To do -
As the answer, set down the lines below from the one containing "Watershed Distillery Bourbon 750ml" through the one containing "Facebook Hadirkan Dua", exactly and inclusively, and no others.

Data supplied -
• • • •

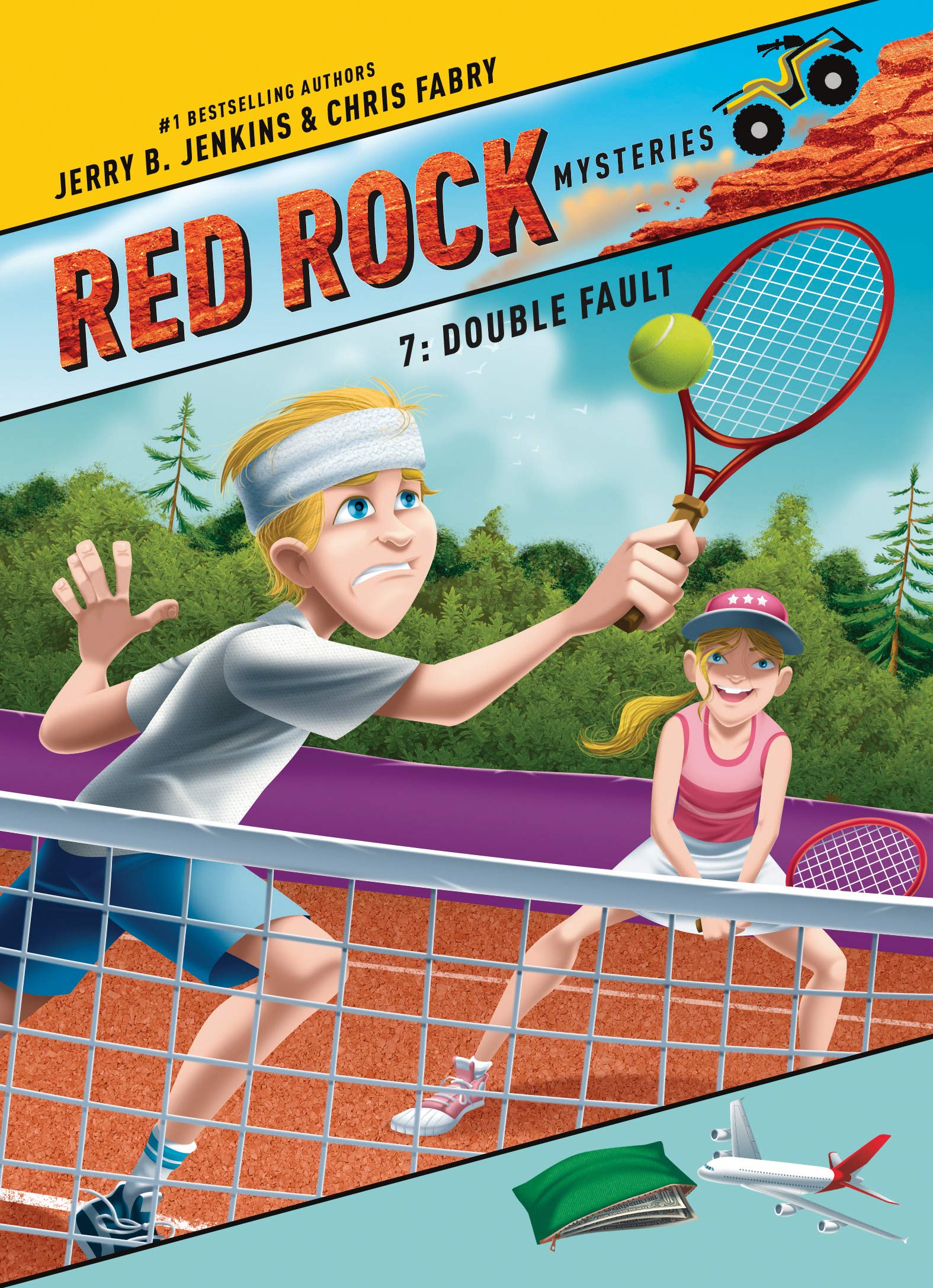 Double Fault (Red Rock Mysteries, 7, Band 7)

• • • •

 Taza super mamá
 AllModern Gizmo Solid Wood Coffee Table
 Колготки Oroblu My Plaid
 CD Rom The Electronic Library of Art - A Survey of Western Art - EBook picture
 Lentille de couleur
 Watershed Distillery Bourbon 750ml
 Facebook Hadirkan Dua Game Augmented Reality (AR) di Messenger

• • • •

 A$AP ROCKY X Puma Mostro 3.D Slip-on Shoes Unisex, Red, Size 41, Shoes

• • • •

Answer area -
 Watershed Distillery Bourbon 750ml
 Facebook Hadirkan Dua Game Augmented Reality (AR) di Messenger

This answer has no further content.